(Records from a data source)
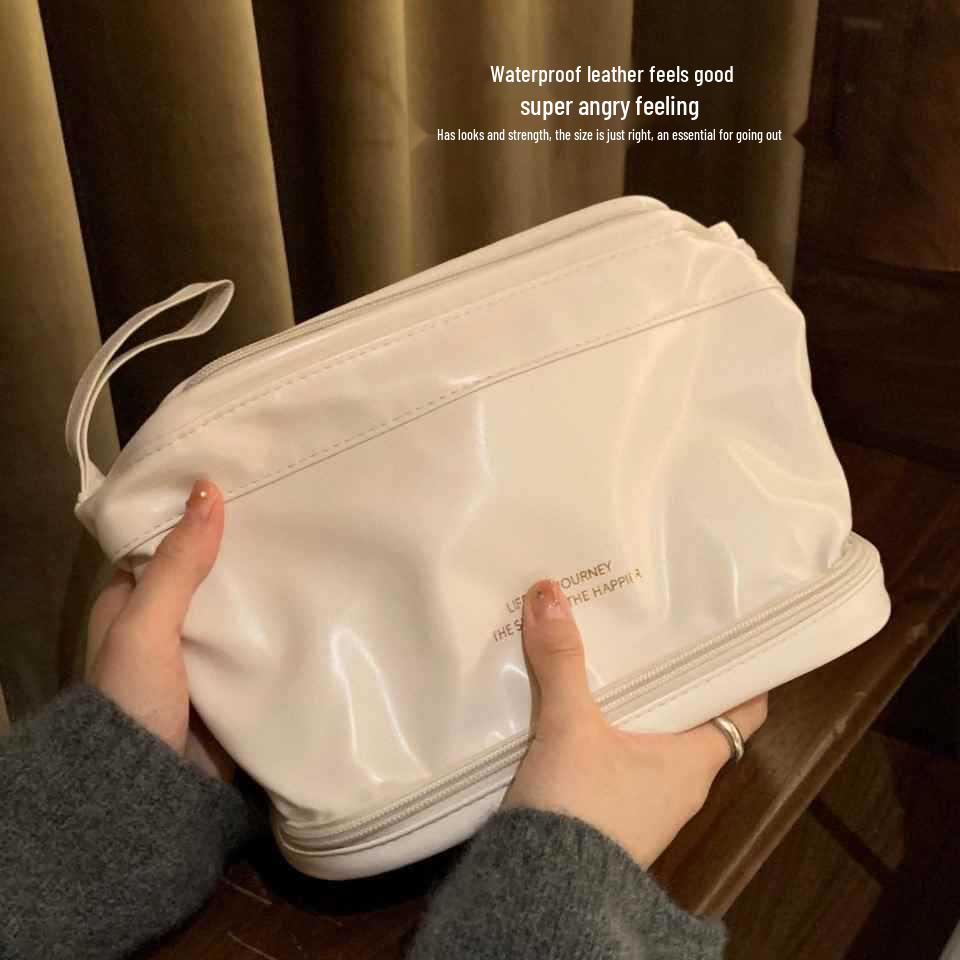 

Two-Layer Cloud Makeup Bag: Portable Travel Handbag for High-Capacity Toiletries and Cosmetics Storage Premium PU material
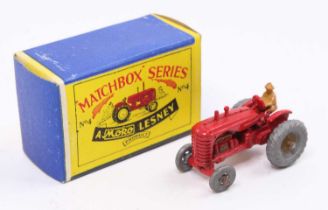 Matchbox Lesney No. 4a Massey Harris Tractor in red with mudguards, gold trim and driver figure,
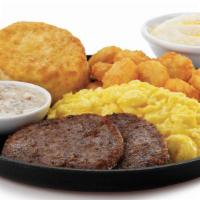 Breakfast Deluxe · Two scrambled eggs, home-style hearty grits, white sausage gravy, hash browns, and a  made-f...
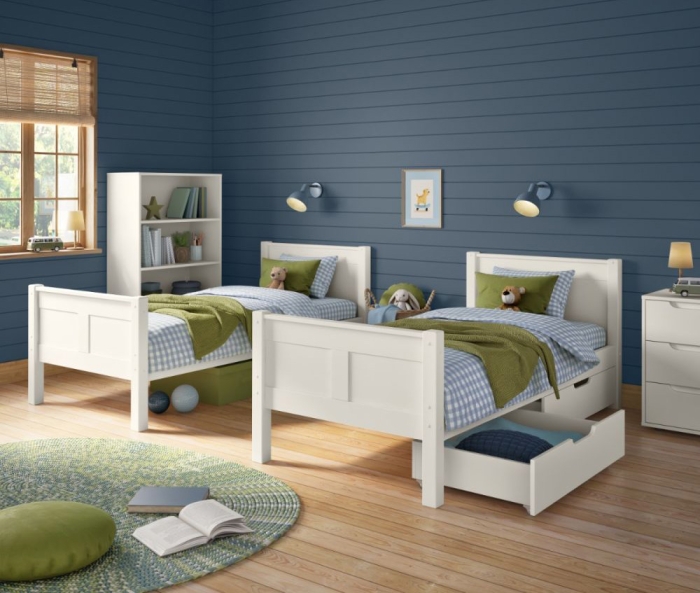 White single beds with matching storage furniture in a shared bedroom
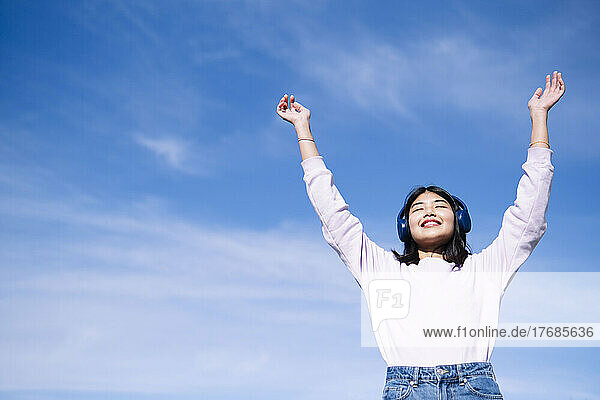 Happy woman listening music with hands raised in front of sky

* EXERCISE BRIEF
Give the entries above again, exactly as written and free of images.

* FINISHED EXERCISE
Two-Layer Cloud Makeup Bag: Portable Travel Handbag for High-Capacity Toiletries and Cosmetics Storage Premium PU material
 Matchbox Lesney No. 4a Massey Harris Tractor in red with mudguards, gold trim and driver figure,
 Breakfast Deluxe · Two scrambled eggs, home-style hearty grits, white sausage gravy, hash browns, and a  made-f...
 White single beds with matching storage furniture in a shared bedroom
 Happy woman listening music with hands raised in front of sky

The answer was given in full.